TransIndexedSigGroups: str = '-F' # Composed Base64 Triple, pre+snu+dig+ControllerIdxSigs group.

Example Attachment of one groups ( annotated comments spaces and line feeds inserted for clarity

-FAB     # Trans Indexed Sig Groups counter code 1 following group
E_T2_p83_gRSuAYvGhqV3S0JzYEF2dIa-OCPLbIhBO7Y    # trans prefix of signer for sigs
-EAB0AAAAAAAAAAAAAAAAAAAAAAB    # sequence number of est event of signer's public keys for sigs
EwmQtlcszNoEIDfqD-Zih3N6o5B3humRKvBBln2juTEM      # digest of est event of signer's public keys for sigs
-AAD     # Controller Indexed Sigs counter code 3 following sigs
AA5267UlFg1jHee4Dauht77SzGl8WUC_0oimYG5If3SdIOSzWM8Qs9SFajAilQcozXJVnbkY5stG_K4NbKdNB4AQ         # sig 0
ABBgeqntZW3Gu4HL0h3odYz6LaZ_SMfmITL-Btoq_7OZFe3L16jmOe49Ur108wH7mnBaq2E_0U0N0c5vgrJtDpAQ    # sig 1
ACTD7NDX93ZGTkZBBuSeSGsAQ7u0hngpNTZTK_Um7rUZGnLRNJvo5oOnnC1J2iBQHuxoq8PyjdT3BHS2LiPrs2Cg  # sig 2

Given this attachment group we can simplify the ksn message by removing the seal for endorsers with transferable identifiers. The seal equivalent is provided in the pre+snu+dig or (i,s,d) triple in the front of the new complex attachment group.

The revised ksn appears as follows:

{
  "v": "KERI10JSON00011c_",
  "i": "EaU6JR2nmwyZ-i0d8JZAoTNZH3ULvYAfSVPzhzS6b5CM",
  "s": "2",
  "t": "ksn",
  "d": "EAoTNZH3ULvaU6JR2nmwyYAfSVPzhzZ-i0d8JZS6b5CM",
  "te": "rot",
  "kt": "1",
  "k": ["DaU6JR2nmwyZ-i0d8JZAoTNZH3ULvYAfSVPzhzS6b5CM"],
  "n": "EZ-i0d8JZAoTNZH3ULvaU6JR2nmwyYAfSVPzhzS6b5CM",
  "wt": "1",
  "w": ["DnmwyYAfSVPzhzS6b5CMZ-i0d8JZAoTNZH3ULvaU6JR2"],
  "c": ["eo"],
  "ee":
    {
      "s":  "1",
      "d":  "EAoTNZH3ULvaU6JR2nmwyYAfSVPzhzZ-i0d8JZS6b5CM",
      "wr": ["Dd8JZAoTNZH3ULvaU6JR2nmwyYAfSVPzhzS6b5CMZ-i0"],
      "wa": ["DnmwyYAfSVPzhzS6b5CMZ-i0d8JZAoTNZH3ULvaU6JR2"]
    },
  "di": "EJZAoTNZH3ULvYAfSVPzhzS6b5CMaU6JR2nmwyZ-i0d8"
}
pfeairheller commented 3 years ago

Adding the new complex attachment group now and removing the a field now seems like the right choice.

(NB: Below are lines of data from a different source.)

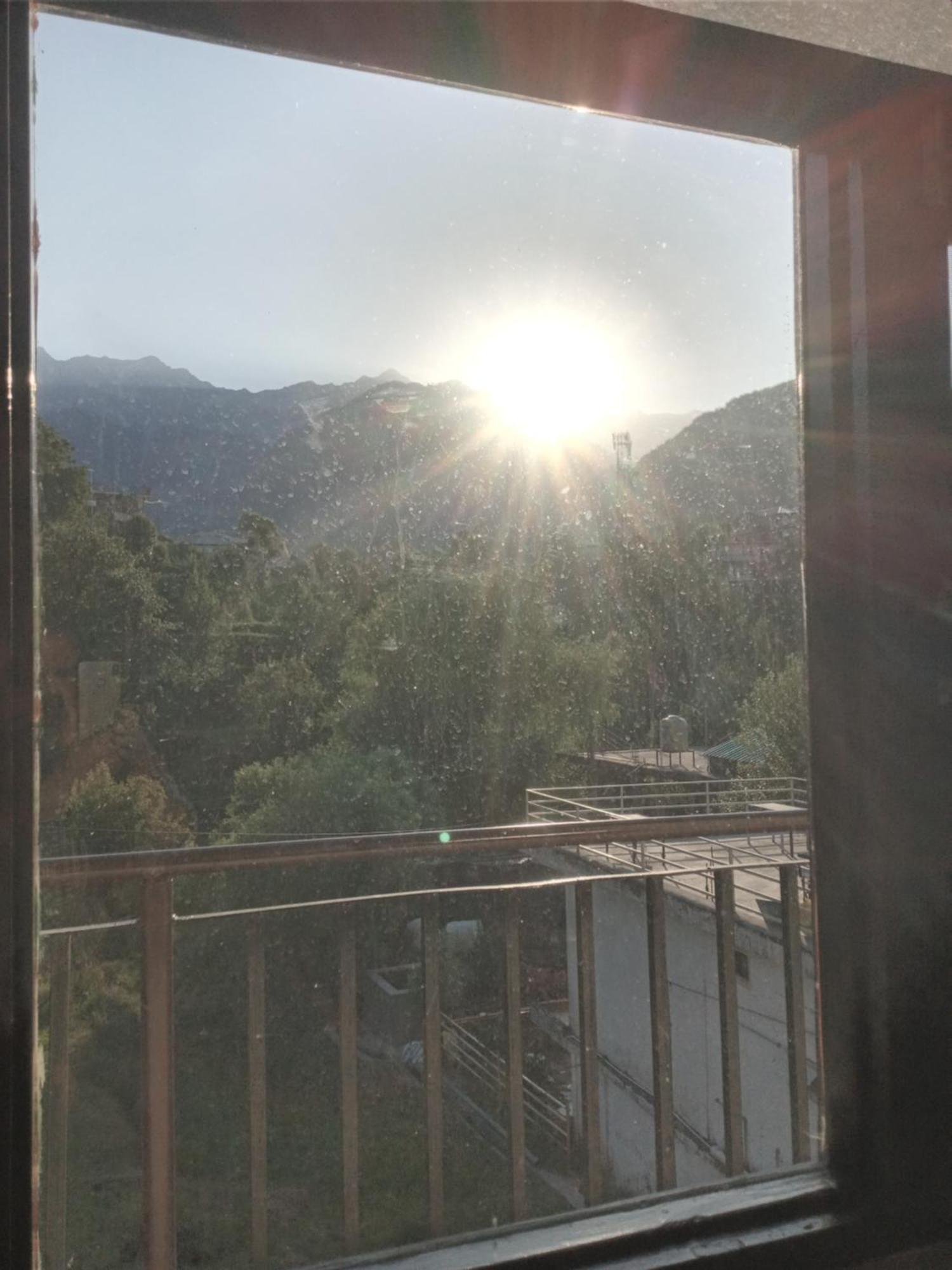 דרמסאלה Nirmal Homestay מראה חיצוני תמונה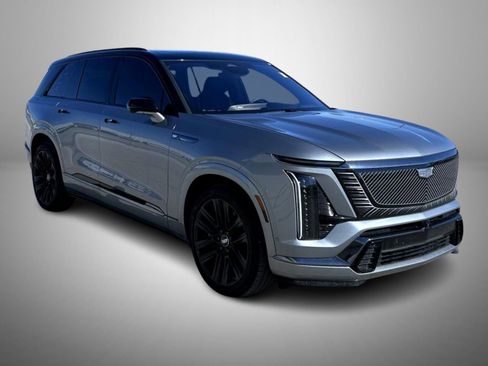 Certified 2026 Cadillac Vistiq Platinum AWD/4WD image 3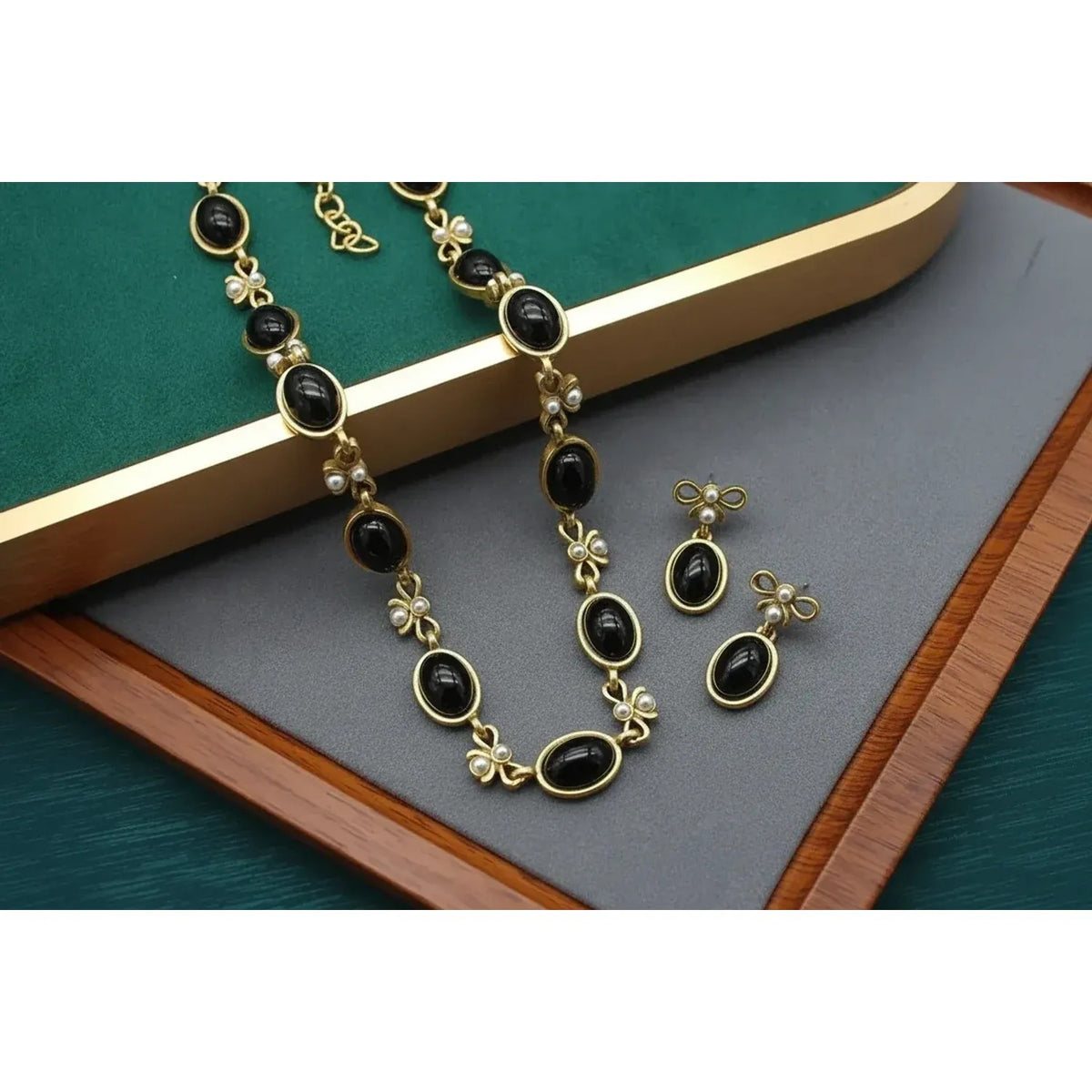 Antique Bow Glass Jewelry Set - Oval Pendant, Stud Earrings & Bracelet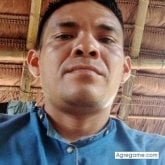 Mujer. Hombre sentimental amoroso.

I assume the demise of the VRC receipt will wait for another time?

SmithSamuelM commented 3 years ago

@pfeairheller

I assume the demise of the VRC receipt will wait for another time?

Yes it will break a lot of code and interoperability to kill VRC just now. It can wait until its more timely. But because the ksn is all new code it's timely to add the new attachment support for it now rather than later.

SmithSamuelM commented 3 years ago

Given what appears to be consensus I checked in the python code with the latest revised ksn and updated the code table.

If there are no objections I will update KID001 and KID003 to reflect.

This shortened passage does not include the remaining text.